[Source information — start]
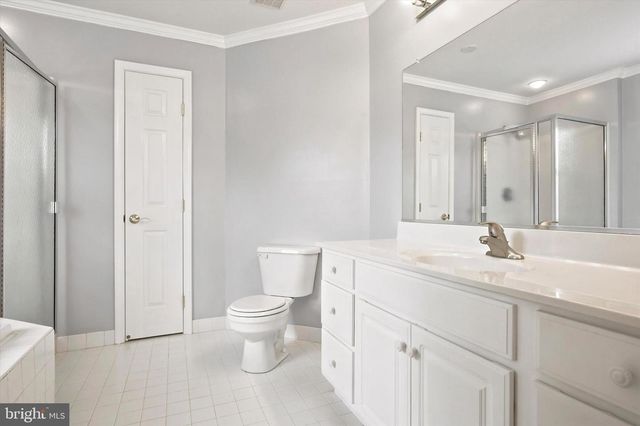 101 RAINTREE CROSSING, Hatfield, PA 19440
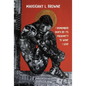 I Remember Death by Its Proximity to What I Love - Hardcover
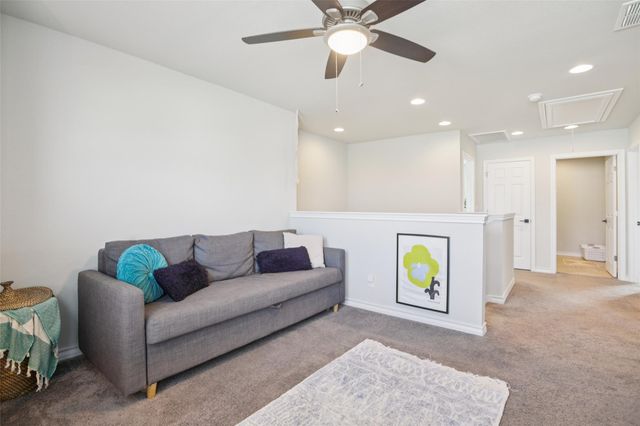 1913 Jacey WAY, Austin, TX 78725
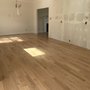 Photo of LITTLE Wood Flooring & Cabinetry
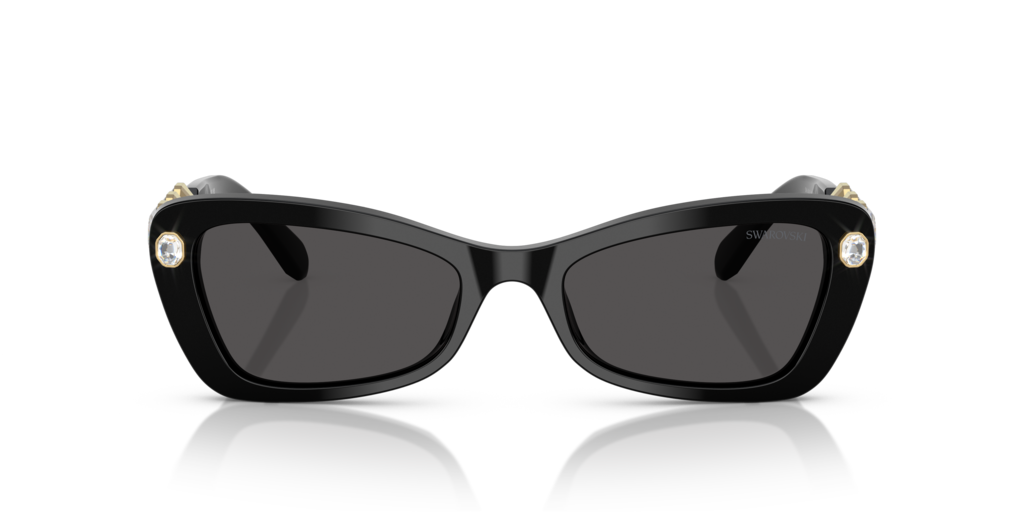 Swarovski SK6033 100187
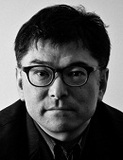 AKB映画の監督・高橋栄樹インタビュー　メンバーに語らせたスキャンダルの真相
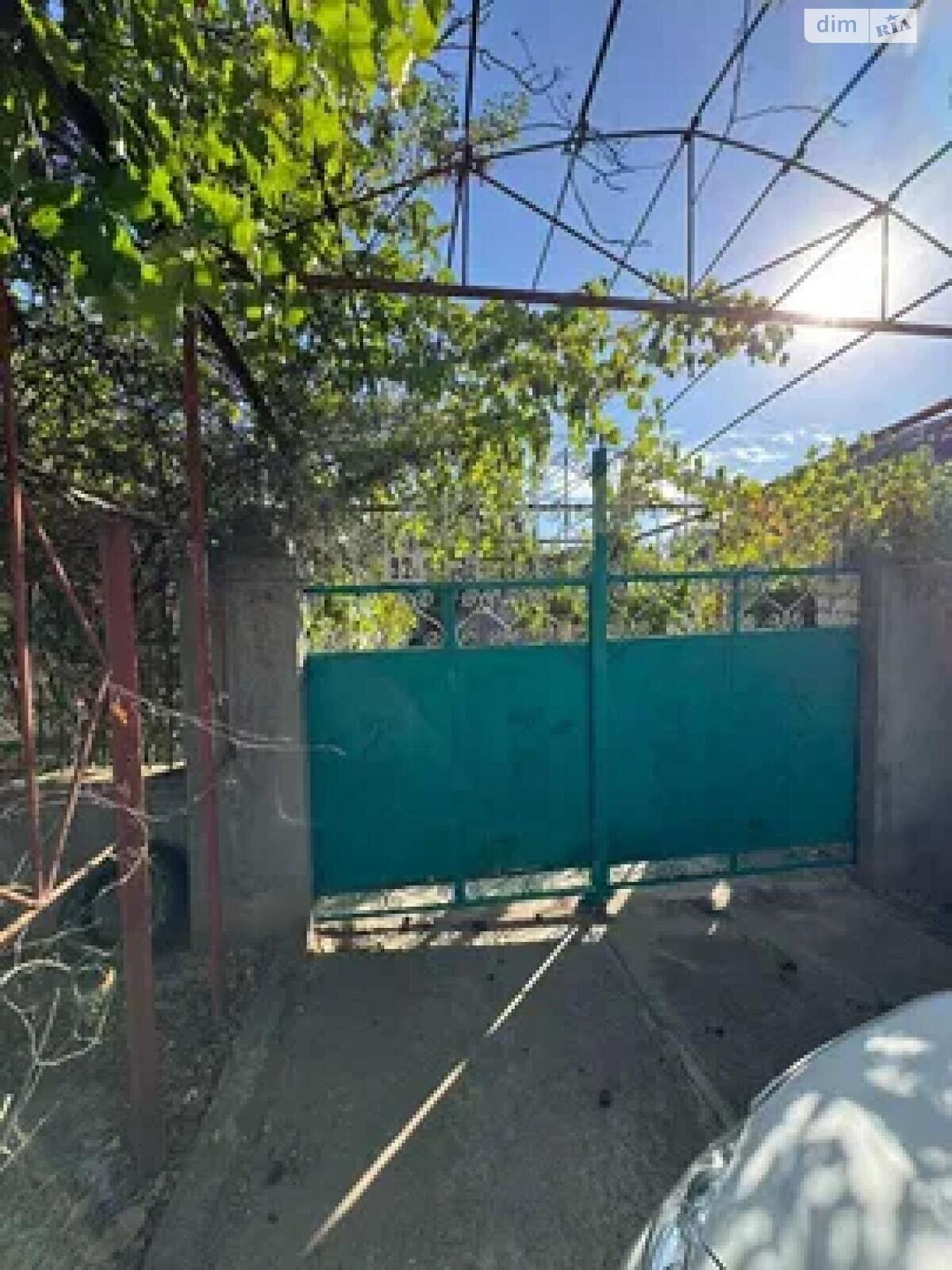 одноэтажный дом, 120 кв. м, кирпич. Продажа в Николаеве район Центр фото 1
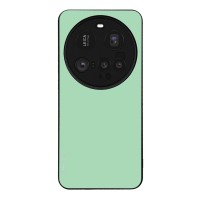 Θήκη Sonique ColorBloc Series για Xiaomi Xiaomi 15 Ultra 5G Βεραμάν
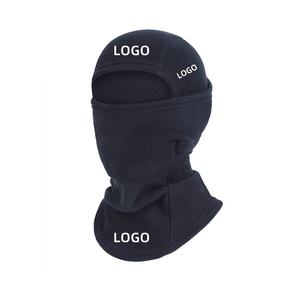 2024 hommes chaud polaire bonnet Logo personnalisé hiver chapeau oreillettes coupe-vent Ski neige cyclisme crâne casquette <span class=keywords><strong>casque</strong></span> doublure doux <span class=keywords><strong>pour</strong></span> le sport - Product Image 1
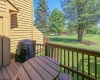 11 Deerfield Circle, Davis, West Virginia 26260, 1 Bedroom Bedrooms, 3 Rooms Rooms,1 BathroomBathrooms,Single Family Attached,For Sale,Deerfield,0,10166439 11 Deerfield Circle, Davis, West Virginia 26260, 1 Bedroom Bedrooms, 3 Rooms Rooms,1 BathroomBathrooms,Single Family Attached,For Sale,Deerfield,0,10166439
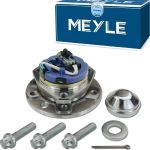 Meyle | Radnabe | 614 652 0010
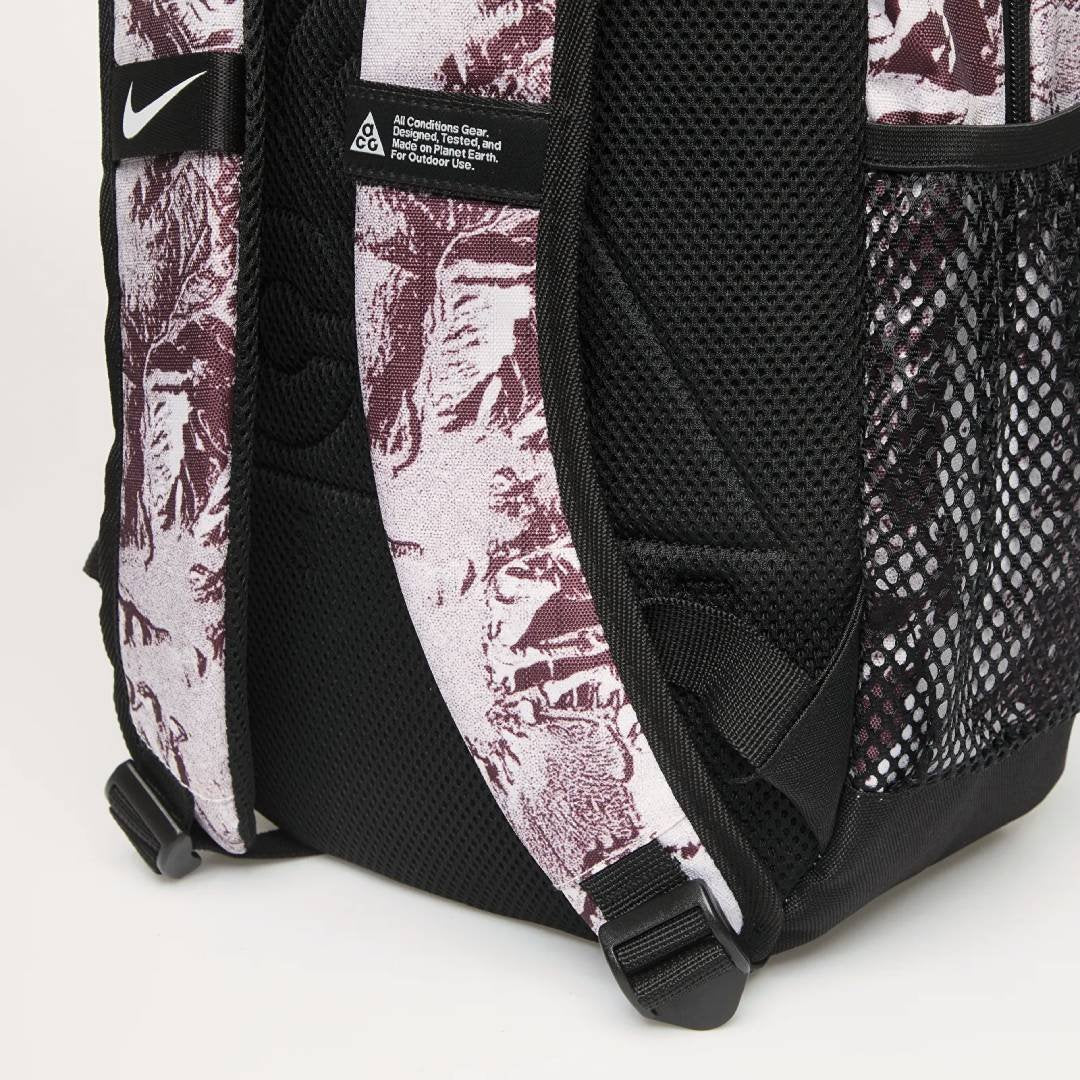 ZAINO NIKE ACG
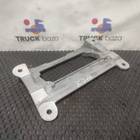 A9604620021 Кронштейн рулевой колонки для Shacman F2000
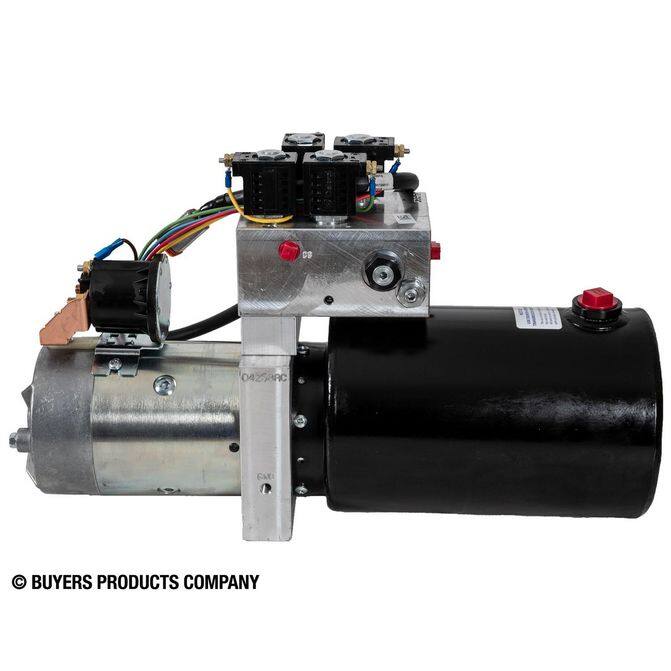 BUYBUYERSPU3593LR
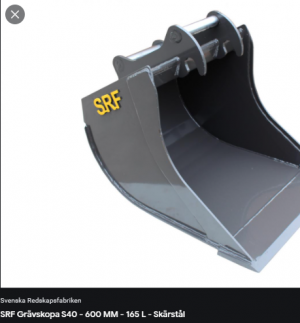 1633687686495.png 1633687686495.png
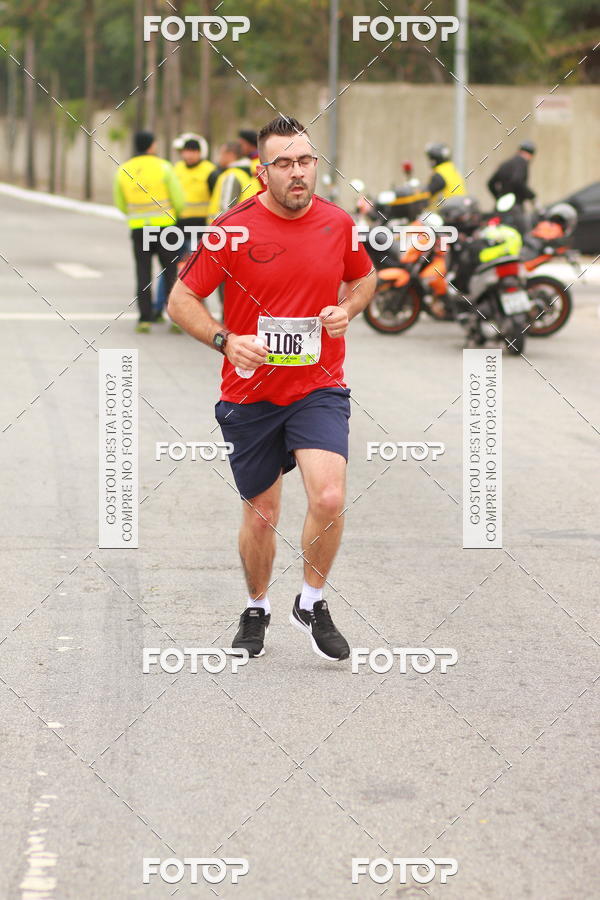 Compra tus fotos del eventoCircuito Caixa da Cidadania - So Miguel En Fotop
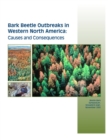 Image for Bark Beetle Outbreaks in Western North America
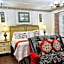 Barker House 1# Suite-heart of oldtown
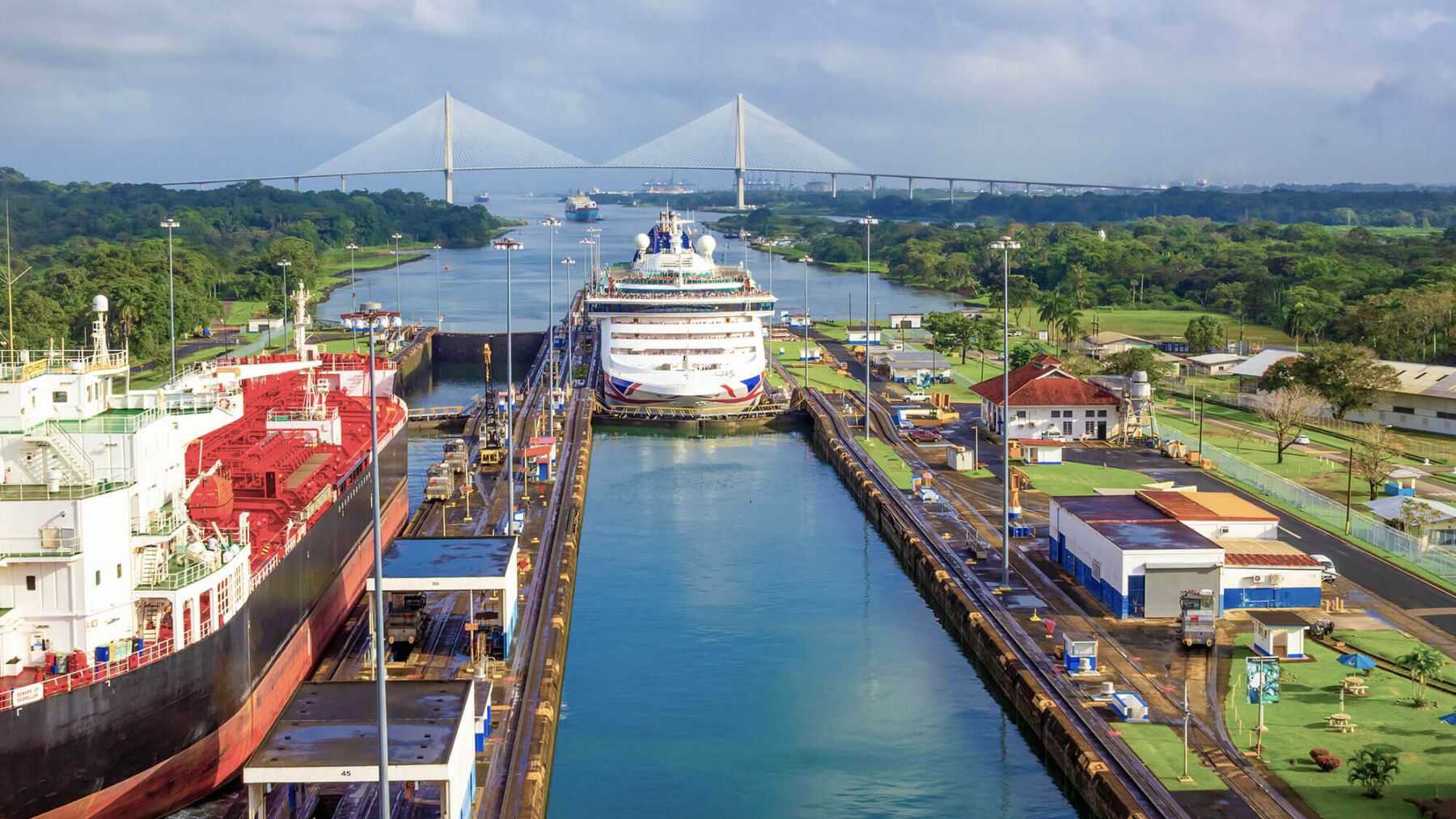 C&BT-Canal-Panamá-img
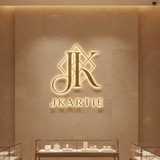 JK SHOP [ивенты]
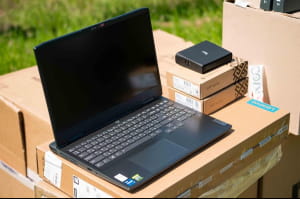 Допомога ЗСУ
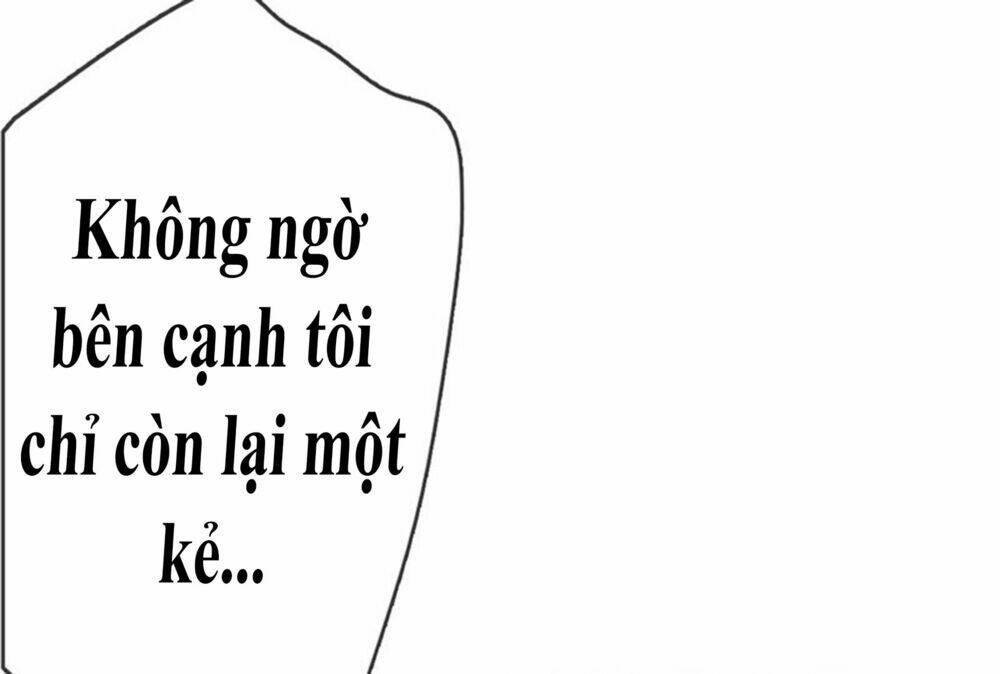 khởi động lại tương lai chapter 1.1 24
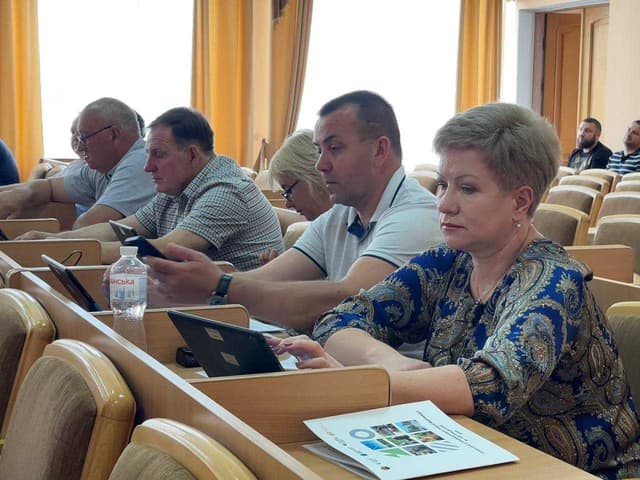 Зображення 15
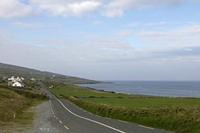 Cjp_2017-04-09_081556.jpg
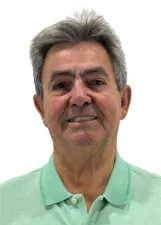 PEDRO IRINEU MARTINS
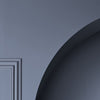 Rich, luxurious pigmentation enhances any room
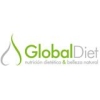 Franquicia GlobalDiet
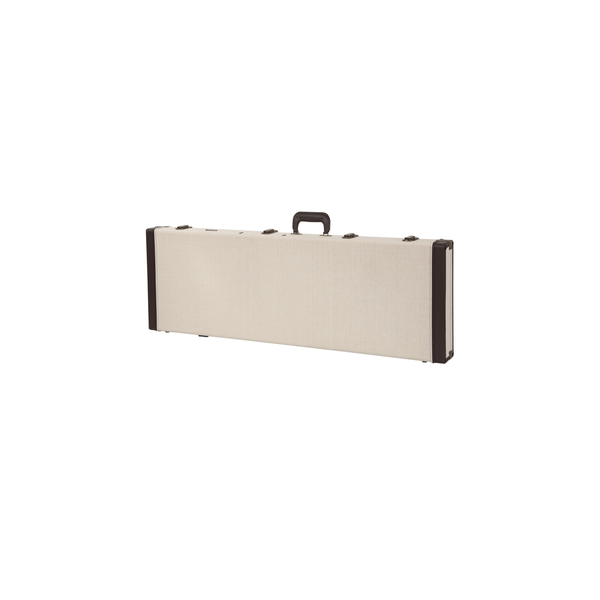 Gator Cases GW-JM BASS Custodia Basso Elettrico Journeyman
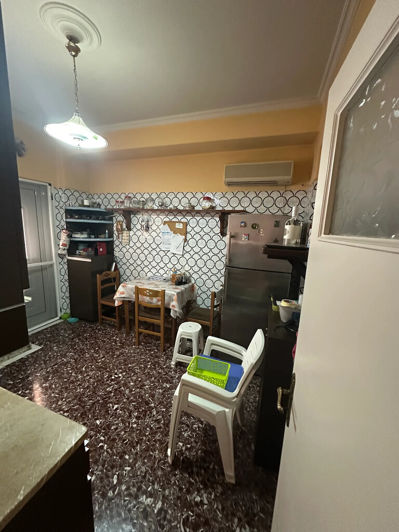 Image No.7-Appartement de 4 chambres à vendre à Agios Dimitrios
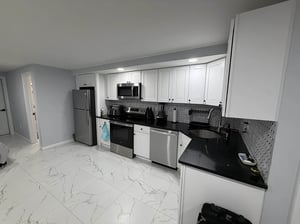 Photo for 43rd Avenue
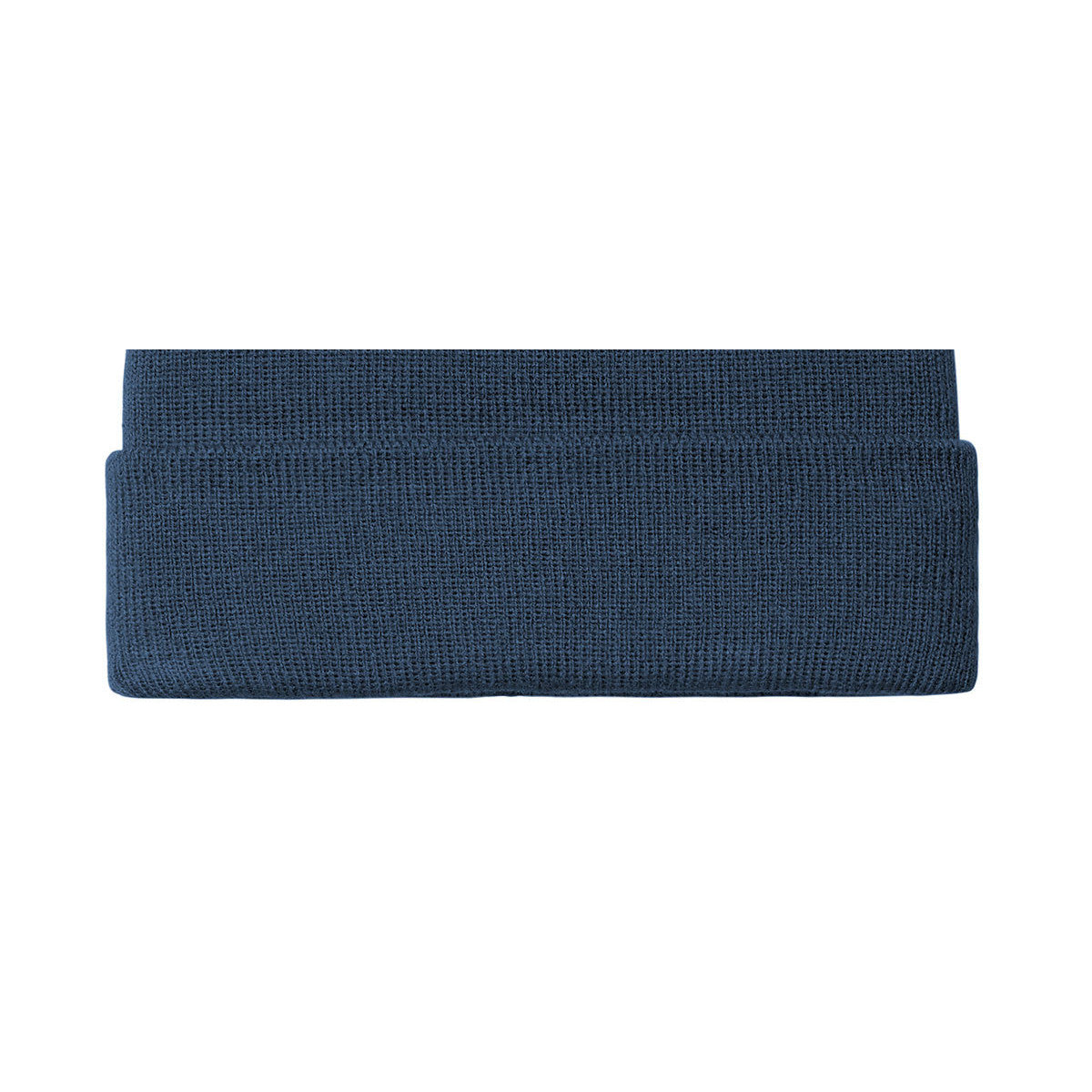Knit Cuff Warm, Stylish, and Comfortable Beanie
[Source information — finish]
◆ **Work instructions**: What you return must match, character for character, the lines above from the one with "1913 Jacey WAY, Austin, TX 78725" through the one with "Θήκη Sonique ColorBloc", minus any pictures.

◆ **Written solution**:
 1913 Jacey WAY, Austin, TX 78725
 Photo of LITTLE Wood Flooring & Cabinetry
 Swarovski SK6033 100187
 AKB映画の監督・高橋栄樹インタビュー　メンバーに語らせたスキャンダルの真相
 одноэтажный дом, 120 кв. м, кирпич. Продажа в Николаеве район Центр фото 1
 Θήκη Sonique ColorBloc Series για Xiaomi Xiaomi 15 Ultra 5G Βεραμάν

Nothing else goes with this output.